* WORK TASK: Set down each record that follows exactly. Drop the images.

────────

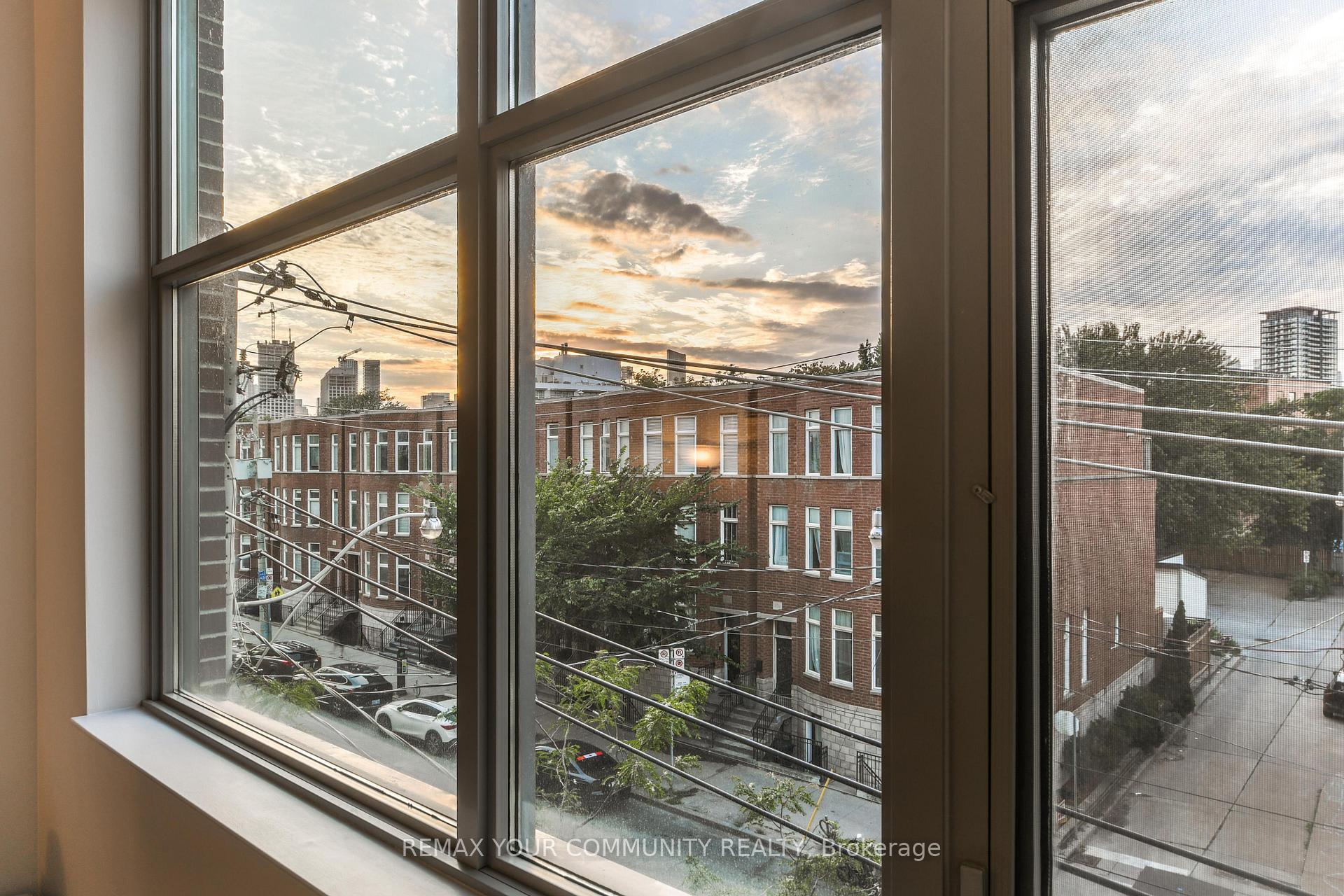 Photo 2 of Unit 304, 569 King Street E, Toronto, Moss Park — HOMEH
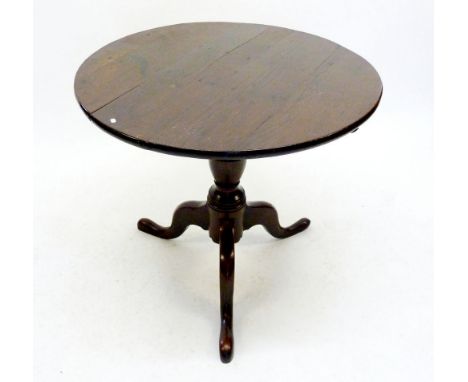 A Georgian elm circular occasional table on turned column and triple cabriole supports 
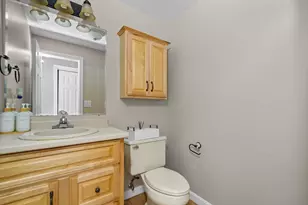 163 Wedgewood Ln, Manchester, NH 03109 - Photo 5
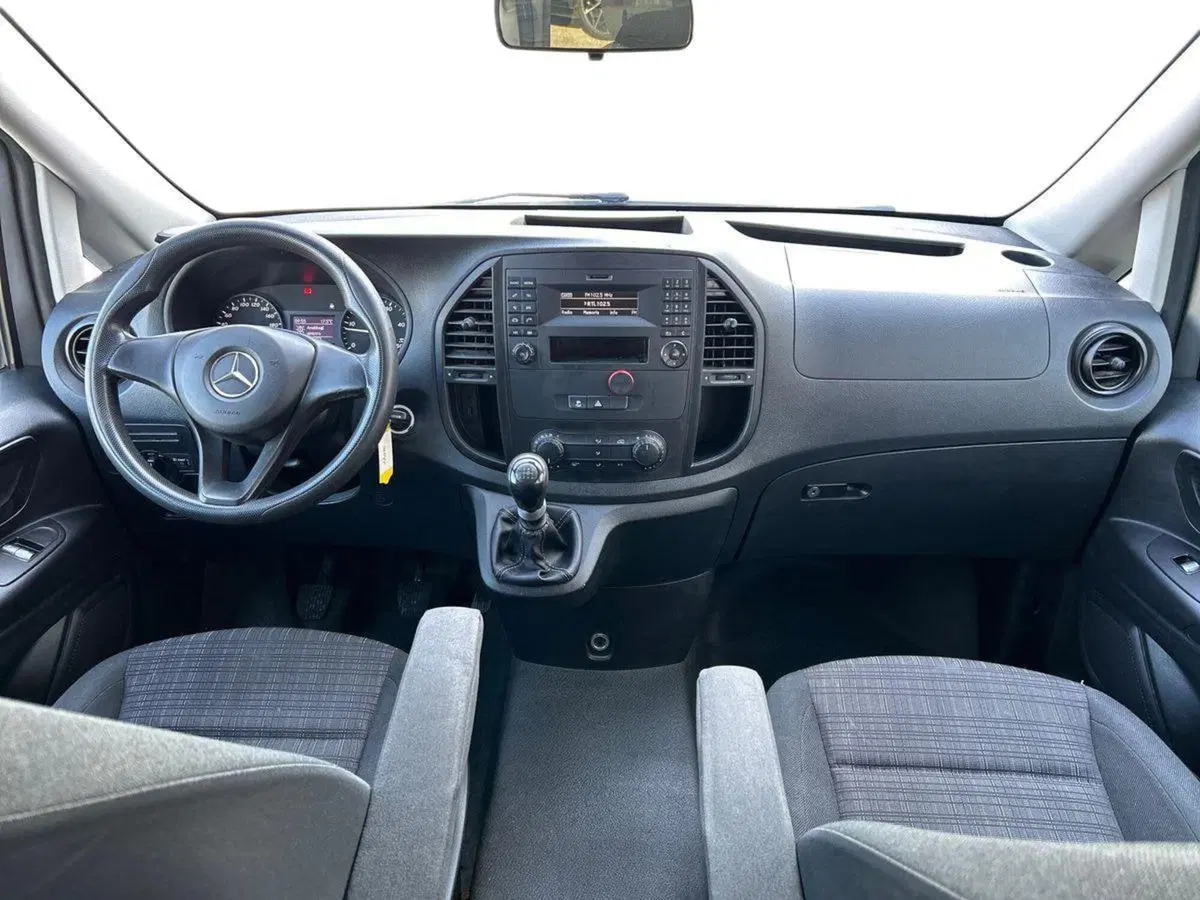 Mercedes-Benz Vito usata a Milano (8)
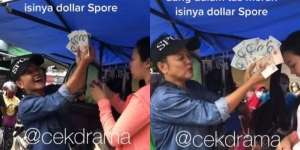 Rezeki Nomplok! Ibu Penjual Sayur Beli Tas Bekas di Dalamnya Berisi Uang Dolar, Langsung Histeris Sambil Pamer Satu Pasar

────────

* COMPLETED EXERCISE:
 Photo 2 of Unit 304, 569 King Street E, Toronto, Moss Park — HOMEH
 A Georgian elm circular occasional table on turned column and triple cabriole supports 
 163 Wedgewood Ln, Manchester, NH 03109 - Photo 5
 Mercedes-Benz Vito usata a Milano (8)
 Rezeki Nomplok! Ibu Penjual Sayur Beli Tas Bekas di Dalamnya Berisi Uang Dolar, Langsung Histeris Sambil Pamer Satu Pasar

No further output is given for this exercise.